This is a thing i have never done and i don't actually like doing either.
Thank you for taking the time to read this, i do really appreciate it alot.
Like you have noticed. im a Transgender Female MTF. this is not a choice or a life style but i was meant to be a female.
My mind has always been hardwired to be female but i have to life it in a male body. waking up everyday being the person that im not is a hard time in life, that`s the time i started building up depression over the years and as you know Depression is 87% cause to all deaths globally, Depression leads to suicidal.
I have always had suicidal thoughts until i managed to attempt one.
i have been in a mental hospital for 3 to 4 weeks where they could not help me told me it will be a long process to fix my mind, from since then i have never seen or herd from those doctors anymore.
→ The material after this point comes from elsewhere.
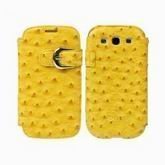 Желтый кожаный чехол для Samsung Galaxy S3 Zenus Mastige Ostrich With Metal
I have been searching around for other doctors to seek out help because i know im sick. i have been hanging on a tread that is life threatening to me until i have found the right doctor.
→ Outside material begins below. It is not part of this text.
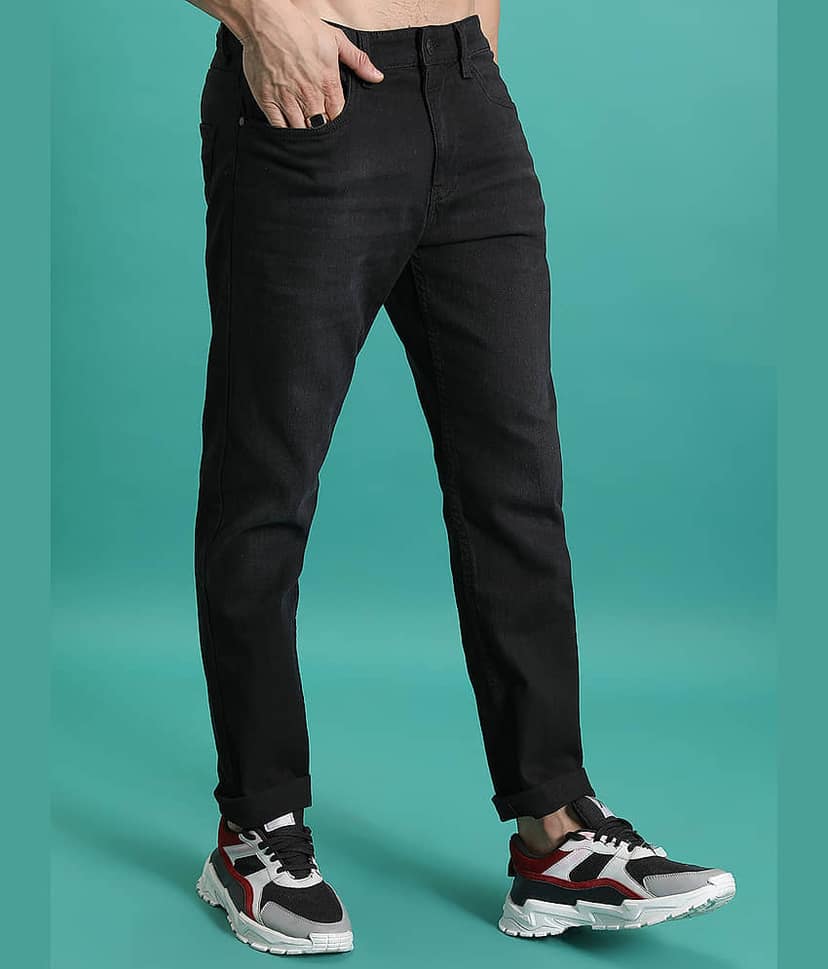 Highlander Straight Solid Men's Jeans - Black ( Pack of 1 ) view 6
Im 27 years of age going for 28 in April, All the doctors i went to see until i found the right one soaked up my medical aid that i cant even afford to buy my own antidepressants any more, i have been jobless for almost 5 years and in South Africa its not easy to find a job. i have been living with my gran ever since i lost my job and she doesn't even support me for being Trans.
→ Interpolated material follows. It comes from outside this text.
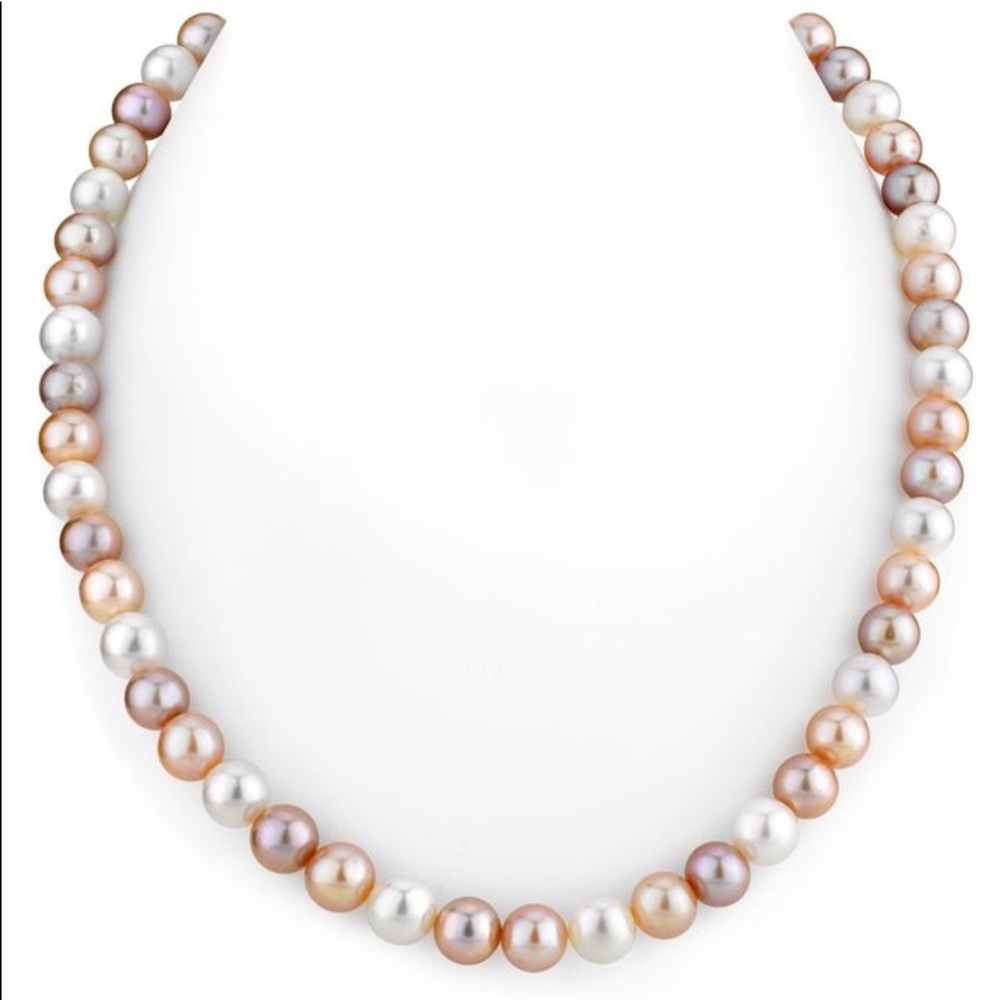 NEW! Iris & Lily Multicolor Silver Necklace (5-6mm) 18", bracelet & Stud set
Living is South Africa is not fun! We don't have a well medical institute that helps you with your illness, you will be lucky to walk out alive if you go to one of our government hospitals, That`s why 90% of all South Africans have a Medical Aid (Medical Insurance) This allows us to visit private hospitals to get the top notch treatment and have 90% chance of getting out alive instead of having to worrier about the government hospitals where you will most probably die of bad treatment or poor service.
I don't have a family anymore because my mother decided to abandon me when i had my first suicidal attempt, My father past away 6 years ago from an heart attack.
having Depression is a ticking time bomb, you think i might be smiling NOW but maybe tomorrow you find out that i have committed suicide, That`s how bad depression it.
I have accepted and started calling myself a Transgender. and NO it doesn't mean im trans that i already have breast. Im Trans because i don't accept my body i have to live in (Female in a Male body).
i wanto go for a sex change so badly so that i can start accepting my body and my self and get rid of my depression, this i the only cure for my depression!
yet again, its not a choice to be Trans. just picture yourself waking up every morning and be someone you don't wanto be. you have to lie to everyone you have to hide from everyone and you can never enjoy life.
I don't want that anymore. im done hiding, im done laying im mostly done laying to myself i just wanto enjoy life the way i was meant to be.
i would really like you support in helping me with donations so that i can at least get my medication, because my risk of killing my self grows even bigger by the day with out my medication.
This is not a joke or a lie, this story has my life at risk, if you believe and support suicidal people then PLEASE HELP ME. im not asking for a paycheck donation, but the more people donate to my mental sickness the better my chance of living my life.
Thank you in advance for your donation, i will return the favor when i can possibly do it.